Ma questa attenzione ha solo una valenza estetica o c’è qualche motivo scientifico per preferire un bicchiere piuttosto che un altro? A questa domanda ha cercato di rispondere un gruppo di ricercatori giapponesi; il gruppo ha costruito uno strumento in grado di misurare come le molecole aromatiche salgano dal vino al naso dell’assaggiatore in funzione della forma del bicchiere. In realtà esistono già degli strumenti in grado di misurare un sacco di caratteristiche chimiche del vino ma in questo caso lo scopo degli scienziati è proprio fare una “mappa in tempo reale” del profumo che sale dal vino, essendo così sensibili al bicchiere, come già accennato ma anche, ad esempio, alla temperatura di servizio.
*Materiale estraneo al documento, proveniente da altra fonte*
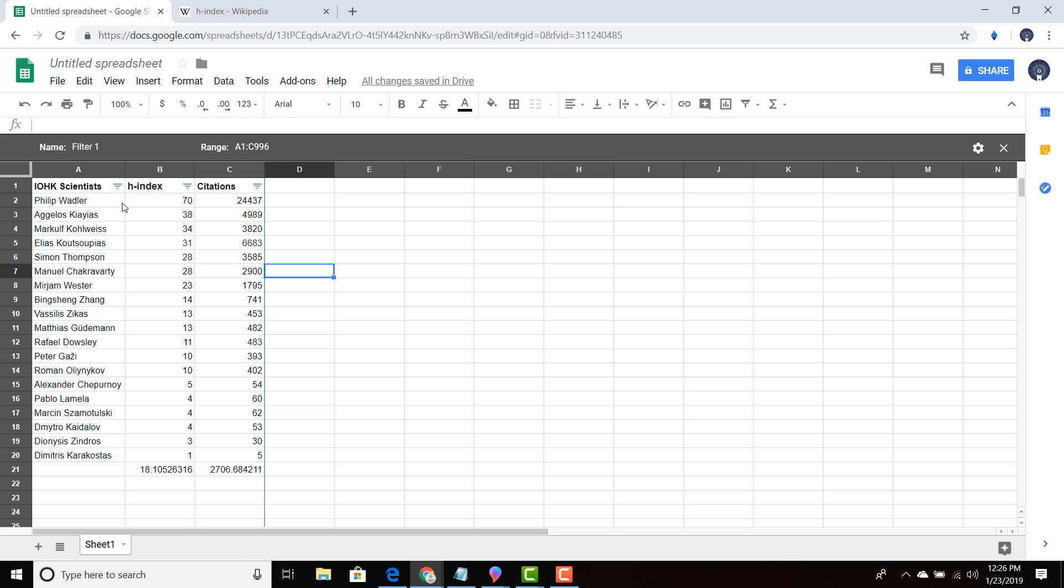20 years, they were probably babies back then, or children. So you have to really build up. And as you can see, Philip Wadler is a little bit older than some of the other people that are working at IOHK. And he has accomplished something that not many people accomplished.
Questo parametro è molto variabile, a seconda del tipo di vino: si passa infatti dai circa 5ºC per i vini passiti e per gli spumanti dolci, ai 7ºC per gli spumanti secchi e i vini bianchi più delicati, ai 9ºC per i bianchi più strutturati, agli 11ºC per i rossi leggeri, ai 13ºC per i rossi di medio corpo ed invecchiamento, ai 15ºC ed oltre per i grandi vini rossi molto invecchiati: anche la natura del profumo è molto variabile, intensissima e caratterizzata da frutti maturi e sentori conciati per i passiti, delicata e tendente al floreale ed erbaceo per molti vini bianchi, di media forza con sentori speziati e legati ai frutti rossi freschi per la maggior parte dei vini rossi. Anche la concentrazione di alcol, più volatile dell’acqua, contribuisce a rendere più o meno intensi gli aromi, fino a che non si sente pizzicare il naso per l’alcolitità eccessiva, almeno.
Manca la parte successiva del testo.